> [WHAT YOU HAVE TO DO]: All lines from the one containing "Los jugadores del" through the last line of the listing should be given again exactly, with no pictures.

** Opening DATA FOR THIS EXERCISE block **

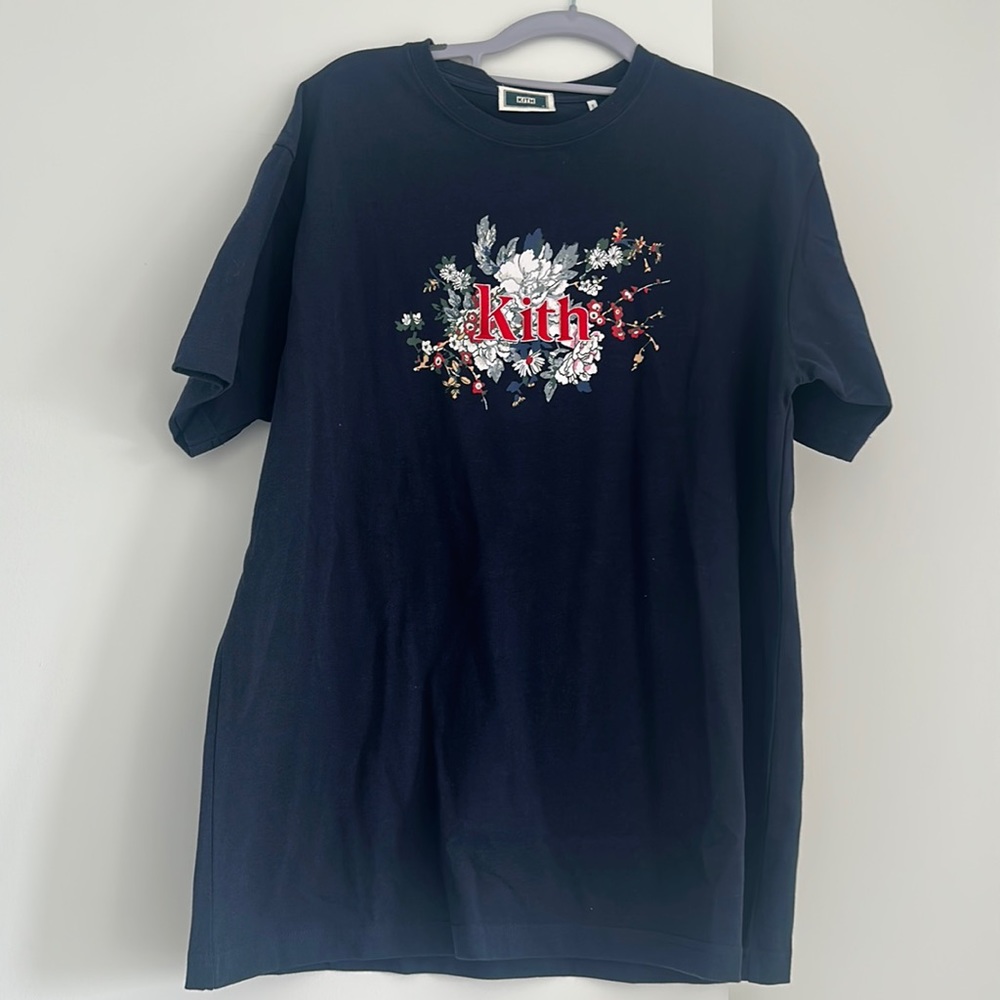 Kith tee with design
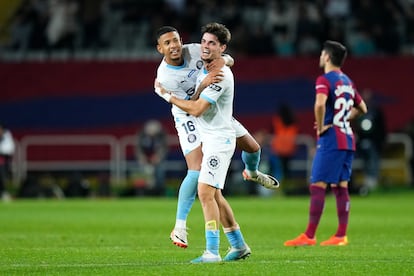 Los jugadores del Girona Savio y Miguel Gutiérrez celebran la victoria ante el Barça.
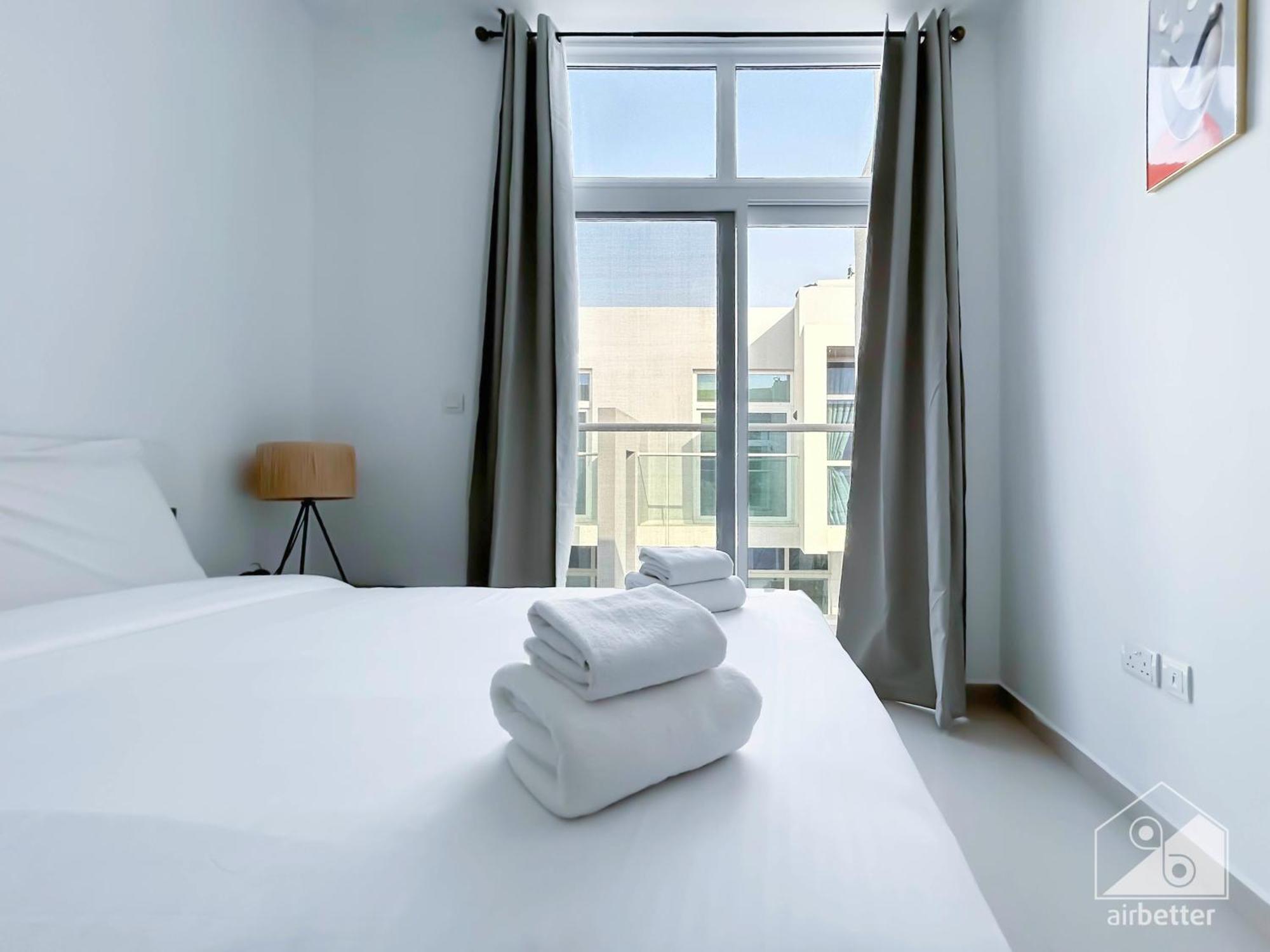 Luxury 3-bedroom Duplex In Damac Hills & Balcony Apartment *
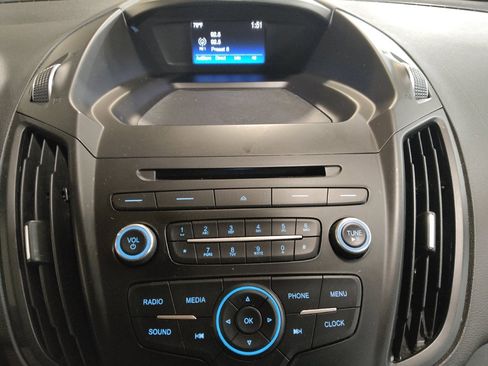 Used 2018 Ford Escape SE FWD image 25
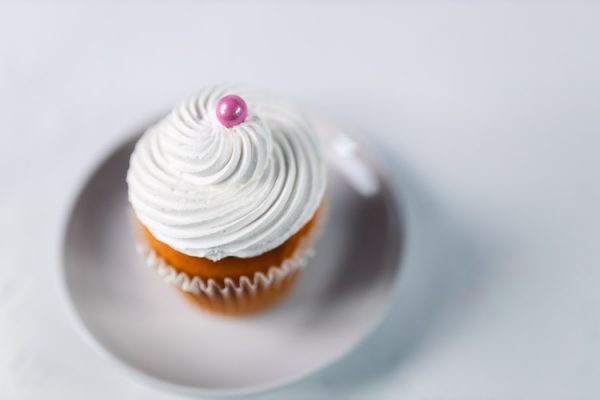 Raspberry Wedding Cake Cupcake - Image 3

** Closing DATA FOR THIS EXERCISE block **

> [RESPONSE TO THE TASK]:
 Los jugadores del Girona Savio y Miguel Gutiérrez celebran la victoria ante el Barça.
 Luxury 3-bedroom Duplex In Damac Hills & Balcony Apartment *
 Used 2018 Ford Escape SE FWD image 25
 Raspberry Wedding Cake Cupcake - Image 3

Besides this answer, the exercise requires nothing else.